(DATA FOR THIS EXERCISE Opens)

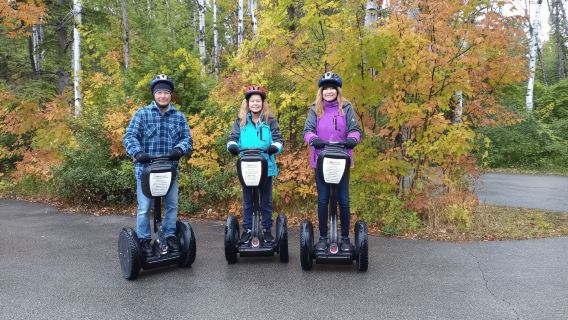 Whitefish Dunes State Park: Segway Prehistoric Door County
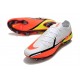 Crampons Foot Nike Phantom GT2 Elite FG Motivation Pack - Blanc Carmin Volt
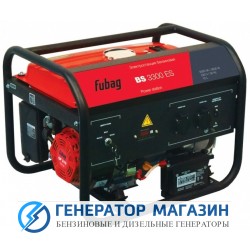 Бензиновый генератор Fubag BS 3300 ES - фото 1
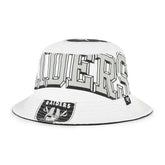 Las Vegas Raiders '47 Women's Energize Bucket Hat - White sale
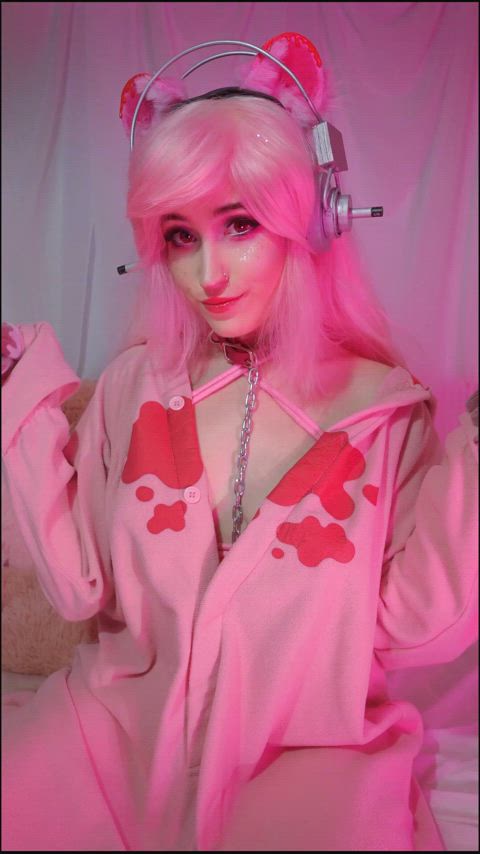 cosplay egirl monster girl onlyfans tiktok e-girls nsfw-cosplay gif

(DATA FOR THIS EXERCISE Closes)

THE TASK
When you copy the records above, keep every word exact but leave out the pictures.

TASK SOLUTION
 Whitefish Dunes State Park: Segway Prehistoric Door County
 Crampons Foot Nike Phantom GT2 Elite FG Motivation Pack - Blanc Carmin Volt
 Бензиновый генератор Fubag BS 3300 ES - фото 1
 Las Vegas Raiders '47 Women's Energize Bucket Hat - White sale
 cosplay egirl monster girl onlyfans tiktok e-girls nsfw-cosplay gif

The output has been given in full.